Some specific cases where having an empirical standard could add value:
To satisfy stakeholders. For many projects, there are various actors who have an interest in software quality who may not be involved in the day-to-day development of the software (managers, technical leads, etc.) Saying "we're going to write all the tests we really need" is not convincing: They either need to trust entirely, or verify with ongoing close oversight (assuming they even have the technical understanding to do so.) Providing measurable standards and explaining how they reasonably approximate actual goals is better.
To normalize team behavior. Stakeholders aside, if you are working on a team where multiple people are writing code and tests, there is room for ambiguity for what qualifies as "well-tested." Do all of your colleagues have the same idea of what level of testing is good enough? Probably not. How do you reconcile this? Find a metric you can all agree on and accept it as a reasonable approximation. This is especially (but not exclusively) useful in large teams, where leads may not have direct oversight over junior developers, for instance. Networks of trust matter as well, but without objective measurements, it is easy for group behavior to become inconsistent, even if everyone is acting in good faith.
To keep yourself honest. Even if you're the only developer and only stakeholder for your project, you might have certain qualities in mind for the software. Instead of making ongoing subjective assessments about how well-tested the software is (which takes work), you can use code coverage as a reasonable approximation, and let machines measure it for you.
Which metrics to use
Code coverage is not a single metric; there are several different ways of measuring coverage. Which one you might set a standard upon depends on what you're using that standard to satisfy.
I'll use two common metrics as examples of when you might use them to set standards:
Statement coverage: What percentage of statements have been executed during testing? Useful to get a sense of the physical coverage of your code: How much of the code that I have written have I actually tested?
This kind of coverage supports a weaker correctness argument, but is also easier to achieve. If you're just using code coverage to ensure that things get tested (and not as an indicator of test quality beyond that) then statement coverage is probably sufficient.
Branch coverage: When there is branching logic (e.g. an if), have both branches been evaluated? This gives a better sense of the logical coverage of your code: How many of the possible paths my code may take have I tested?
This kind of coverage is a much better indicator that a program has been tested across a comprehensive set of inputs.
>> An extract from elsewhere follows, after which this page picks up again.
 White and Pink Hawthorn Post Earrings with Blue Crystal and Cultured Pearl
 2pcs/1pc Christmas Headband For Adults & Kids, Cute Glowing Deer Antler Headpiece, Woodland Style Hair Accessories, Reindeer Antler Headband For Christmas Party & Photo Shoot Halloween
If you're using code coverage as your best empirical approximation for confidence in correctness, you should set standards based on branch coverage or similar.
There are many other metrics (line coverage is similar to statement coverage, but yields different numeric results for multi-line statements, for instance; conditional coverage and path coverage is similar to branch coverage, but reflect a more detailed view of the possible permutations of program execution you might encounter.)
What percentage to require
Finally, back to the original question: If you set code coverage standards, what should that number be?
Hopefully it's clear at this point that we're talking about an approximation to begin with, so any number we pick is going to be inherently approximate.
Some numbers that one might choose:
100%. You might choose this because you want to be sure everything is tested. This doesn't give you any insight into test quality, but does tell you that some test of some quality has touched every statement (or branch, etc.) Again, this comes back to degree of confidence: If your coverage is below 100%, you know some subset of your code is untested.
Some might argue that this is silly, and you should only test the parts of your code that are really important. I would argue that you should also only maintain the parts of your code that are really important. Code coverage can be improved by removing untested code, too.
99% (or 95%, other numbers in the high nineties.) Appropriate in cases where you want to convey a level of confidence similar to 100%, but leave yourself some margin to not worry about the occasional hard-to-test corner of code.
80%. I've seen this number in use a few times, and don't entirely know where it originates. I think it might be a weird misappropriation of the 80-20 rule; generally, the intent here is to show that most of your code is tested. (Yes, 51% would also be "most", but 80% is more reflective of what most people mean by most.) This is appropriate for middle-ground cases where "well-tested" is not a high priority (you don't want to waste effort on low-value tests), but is enough of a priority that you'd still like to have some standard in place.
I haven't seen numbers below 80% in practice, and have a hard time imagining a case where one would set them. The role of these standards is to increase confidence in correctness, and numbers below 80% aren't particularly confidence-inspiring. (Yes, this is subjective, but again, the idea is to make the subjective choice once when you set the standard, and then use an objective measurement going forward.)
Other notes
The above assumes that correctness is the goal. Code coverage is just information; it may be relevant to other goals. For instance, if you're concerned about maintainability, you probably care about loose coupling, which can be demonstrated by testability, which in turn can be measured (in certain fashions) by code coverage. So your code coverage standard provides an empirical basis for approximating the quality of "maintainability" as well.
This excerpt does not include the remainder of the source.